Les récents communiqués émanant de la Police nationale d’Haïti (PNH) ont révélé des détails croustillants sur les acteurs impliqués dans la campagne visant à désarmer les groupes radicaux liés à la coalition « Viv Ansanm ». L’opération initiée le 14 janvier dernier dans l’enclave de ce dernier a confirmé la participation de mercenaires, aux côtés des forces locales, selon des sources officielles.

La PNH a indiqué avoir mené cette action en collaboration avec les Forces armées haïtiennes (FAH), une unité spéciale nommée Task Force, une formation dédiée à la lutte contre les mouvements extrémistes, ainsi qu’un groupe non identifié par son nom complet, mais désigné par l’initiale PMC. Ce sigle pourrait correspondre à une entreprise de sécurité privée, employée à grands frais pour affaiblir les réseaux armés.

Cependant, la bataille contre ces mouvements ne se limite pas aux forces structurées. Le 10 janvier, un autre communiqué révélait l’implication de « civils engagés », mobilisés sur les fronts à La Saline. Parmi eux, Ernso Fleurimond, tué lors d’un affrontement, était présenté comme un volontaire, pas un membre de la police. Son frère, grièvement blessé, est employé administratif de la PNH. Ces figures peuvent être assimilées à des milices locales ou des groupes de protection communautaire, souvent actifs dans les opérations de Port-au-Prince et certaines provinces.

Bien qu’ils n’appartiennent pas à des organisations formalisées, ces acteurs jouent un rôle clé dans les zones rurales, où leur connaissance des terrains leur confère un avantage stratégique.

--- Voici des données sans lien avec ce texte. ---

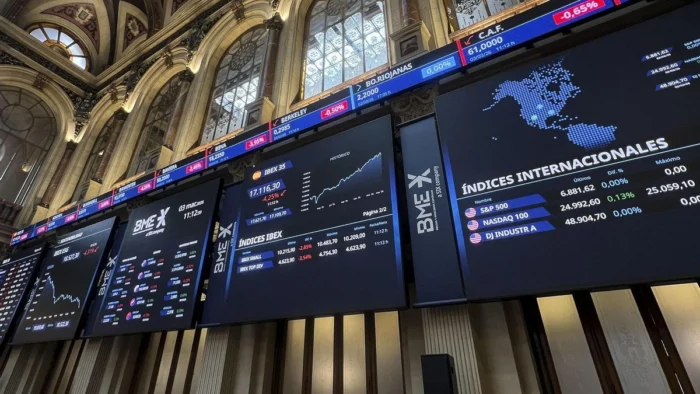 El Ibex 35 se desploma ante la escalada del gas y el petróleo tras tensiones geopolíticas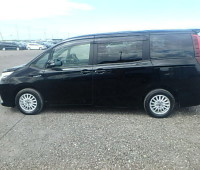 toyota-noah-small-4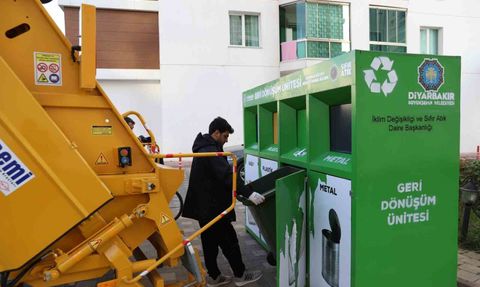 Kayapınar'da 15 pilot sitede kaynağında ayrıştırma ve geri dönüşüm uygulaması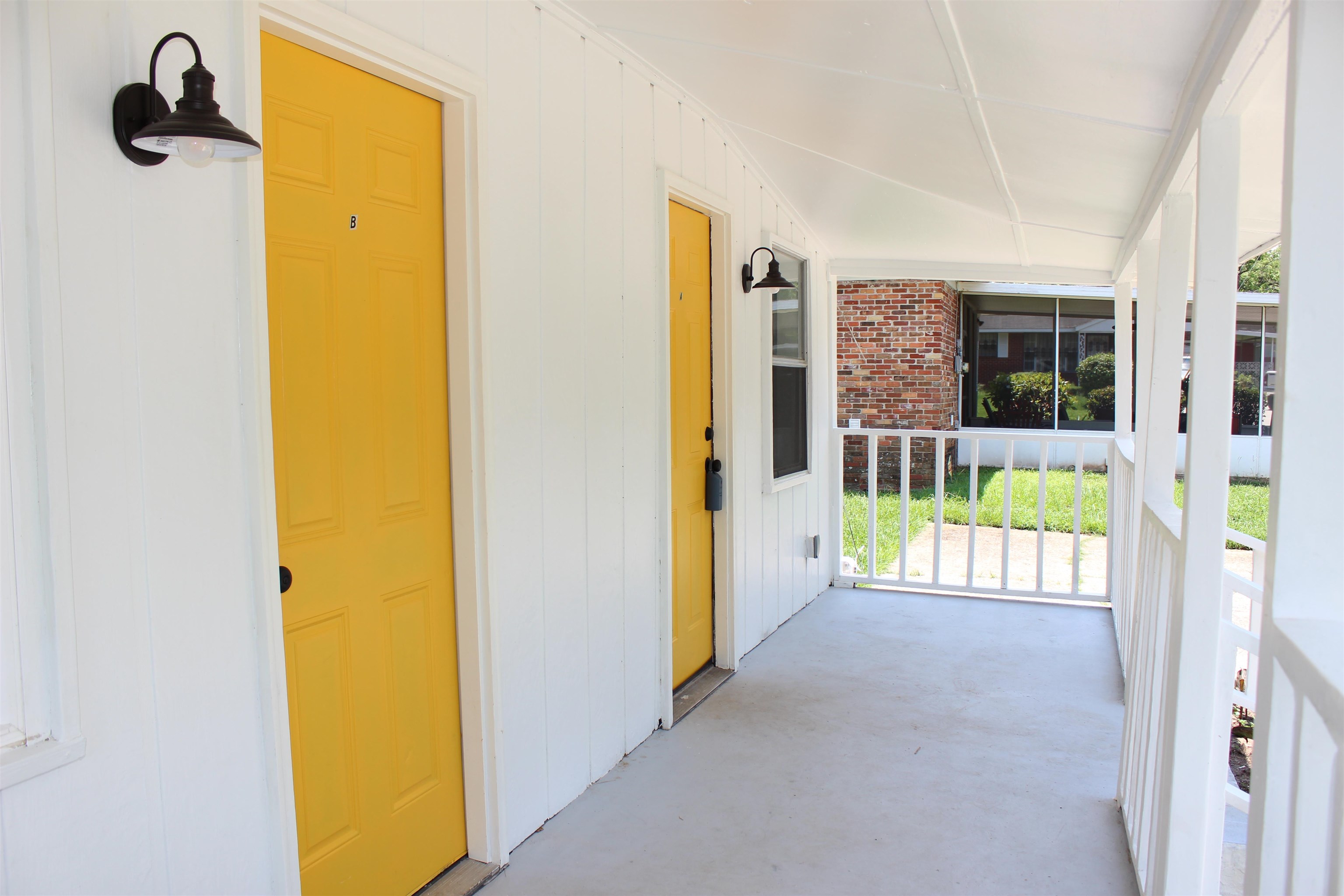 2141 Poppy Street Unit: -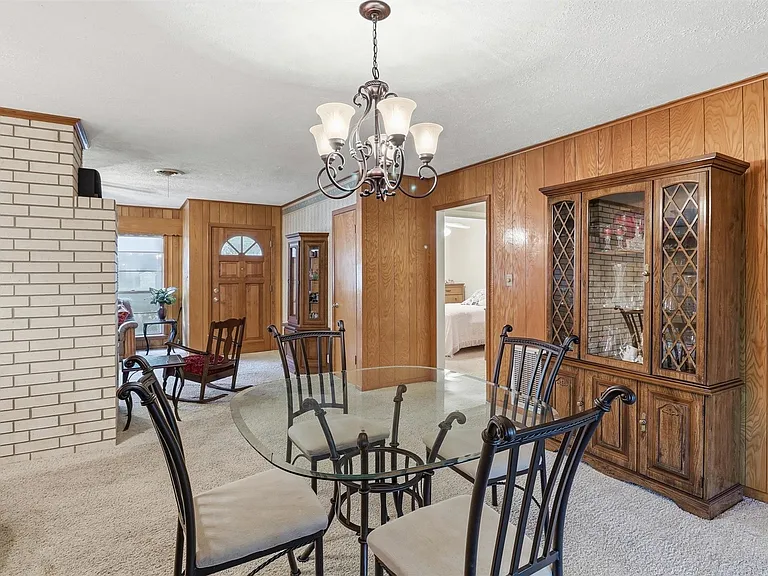 1335 Kathy Ave — Photo 27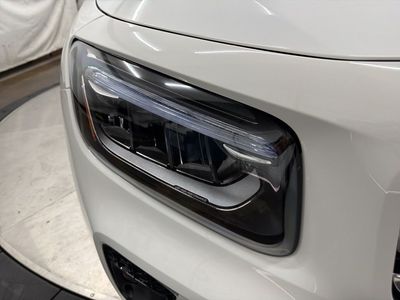 2026 Mercedes-Benz GLB — photo 10 view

Parallèlement, des agents de la Brigade de surveillance des aires protégées (BSAP) interviennent également, notamment dans les régions isolées.

Au total, sept groupes distincts collaborent actuellement pour contenir la coalition radicale, mais les résultats restent mitigés. Aucun chef ou figure emblématique de « Viv Ansanm » n’a été neutralisé à ce stade, suscitant l’inquiétude de la population. Les autorités locales soulignent cependant que ces coalitions improvisées, bien que risquées, constituent une réponse nécessaire face à l’insécurité croissante.

La situation illustre une tendance marquée : l’appel à des ressources non traditionnelles, entre mercenaires, miliciens et forces spéciales, pour stabiliser un pays confronté à des défis sécuritaires sans précédent. Cela soulève des questions éthiques sur l’utilisation de combattants non réglementés, mais le gouvernement justifie ces alliances par l’urgence de la crise.

Les prochaines semaines restent cruciales pour évaluer l’efficacité de cette approche multidimensionnelle. Pour l’instant, les habitants, inquiets, espèrent que ces efforts permettront de restaurer la paix, tout en redoutant les conséquences des méthodes violentes employées.